Hahaa. I know how you feel man trust me. We are all our own worst critics... I hate my stuff after like a week of having it.

Sent from my SM-N900V using Tapatalk


----------



## jcgilmore2 (Jul 10, 2013)

Down_Shift said:


> Man. That island looks amazing. Have no clue how you guys do tha


Haha, thanks man... Will look 100x better to me once the plants grow and I get stuff trimmed and where I want it. 

The only way I got the rock to hang out like that was supporting it with the wood.


Sent from my SM-N900V using Tapatalk


----------



## chocological (Nov 13, 2012)

Looks great! Subscribed.

EDIT:
You 55 journal is also an inspiration for me to really work hard on my 55's scape.


----------



## jcgilmore2 (Jul 10, 2013)

chocological said:


> Looks great! Subscribed.
> 
> EDIT:
> You 55 journal is also an inspiration for me to really work hard on my 55's scape.


Thanks man! I kinda miss the 55, look forward to getting another 4ft tank in the future... just want a little deeper next time.


----------



## parrottbay (May 14, 2012)

Looks really good! Congrats!


----------



## jcgilmore2 (Jul 10, 2013)

*Need some opinions!*

So, a few little changes.


















First off, removed the second largest rock.. the one to the left of the big one, to make room for more stem plant development on the top of the "mountain." 

Of the tiny bit of good rotala sp green stems I got in the shipment I cut them down and replanted two little patches. Hopefully this will grow out so I can get these nice green, well trimmed bushes that I can envision. 

Two ideas... Thinking of adding the removed rock to the right side and putting some substrate behind it and putting another little rotala sp green bush over there to balance out the whole scape and give it more of a camyon look instead of the island look... This is still up in the air. I don't dislike it like it is. In this little phone sketch I dont have the rock but you get the idea.










Second idea... extend the substrate along the back wall out further into the sand and have the plants sloping towards the right wall... something like this. 










As of now Im favoring the second idea in terms of less work, haha. But I tihnk both would look good, idk what I plan to do.

Thoughts? Opinions? Constructive criticism?

- James


----------



## jcgilmore2 (Jul 10, 2013)

*Stand Idea*

Also, need some thoughts on a stand idea I had... Im tired of having my tanks on separate walls but dont have a nice stand for the planted 20L, just my reef tank. 

Also, Dont want light from each tank spilling into the other.. so I have come up with something like this.

Anybody have any links to any similar builds?
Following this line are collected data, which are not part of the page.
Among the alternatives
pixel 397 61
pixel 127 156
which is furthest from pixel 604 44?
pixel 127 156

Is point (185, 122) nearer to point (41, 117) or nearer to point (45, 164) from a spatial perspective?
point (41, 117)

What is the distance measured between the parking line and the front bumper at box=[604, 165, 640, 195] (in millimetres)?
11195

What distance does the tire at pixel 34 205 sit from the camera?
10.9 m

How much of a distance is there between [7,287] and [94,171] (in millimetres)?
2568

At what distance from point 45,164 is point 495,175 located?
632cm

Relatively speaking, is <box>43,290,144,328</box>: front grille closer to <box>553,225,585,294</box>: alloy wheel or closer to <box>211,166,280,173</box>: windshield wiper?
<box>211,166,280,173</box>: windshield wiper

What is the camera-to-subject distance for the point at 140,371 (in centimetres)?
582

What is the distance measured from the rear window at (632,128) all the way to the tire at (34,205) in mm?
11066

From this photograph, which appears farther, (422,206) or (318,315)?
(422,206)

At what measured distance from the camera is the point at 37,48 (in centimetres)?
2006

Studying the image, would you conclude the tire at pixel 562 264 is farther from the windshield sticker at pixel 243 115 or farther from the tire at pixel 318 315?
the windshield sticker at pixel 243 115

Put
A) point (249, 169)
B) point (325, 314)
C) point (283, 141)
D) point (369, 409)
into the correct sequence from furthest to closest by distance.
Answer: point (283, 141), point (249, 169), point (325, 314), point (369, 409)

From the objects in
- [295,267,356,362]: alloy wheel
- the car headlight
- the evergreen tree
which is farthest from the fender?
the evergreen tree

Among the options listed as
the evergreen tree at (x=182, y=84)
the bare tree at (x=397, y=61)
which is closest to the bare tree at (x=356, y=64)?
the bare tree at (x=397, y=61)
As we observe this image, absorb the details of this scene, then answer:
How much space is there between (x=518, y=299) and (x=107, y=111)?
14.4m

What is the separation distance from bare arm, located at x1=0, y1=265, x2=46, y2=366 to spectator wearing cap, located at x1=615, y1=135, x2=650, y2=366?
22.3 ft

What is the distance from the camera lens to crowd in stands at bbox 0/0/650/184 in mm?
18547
Should be super easy to do and will look nice with FW and SW side by side imo.


----------



## talontsiawd (Oct 19, 2008)

Firstly, I like the second idea you posted the most.


As for the stand, I have not even made one but I like the design. It seems like it may be easier to have the middle section of the "C" piece to go down to the floor. I think if you used the "C" section for the sides of both stands, it would look the cleanest. However, you could make it modular so if you changed your mind, by making the "A" and "B" sections stand on their own, you could break them up into two stands in the future if you wanted to move the away again.


----------



## jcgilmore2 (Jul 10, 2013)

talontsiawd said:


> Firstly, I like the second idea you posted the most.
> 
> 
> As for the stand, I have not even made one but I like the design. It seems like it may be easier to have the middle section of the "C" piece to go down to the floor. I think if you used the "C" section for the sides of both stands, it would look the cleanest. However, you could make it modular so if you changed your mind, by making the "A" and "B" sections stand on their own, you could break them up into two stands in the future if you wanted to move the away again.



Yeah, I agree with the canopy part looking cleaner if it were built into the stands but I would like to be able to break it down in the future if need be as well. 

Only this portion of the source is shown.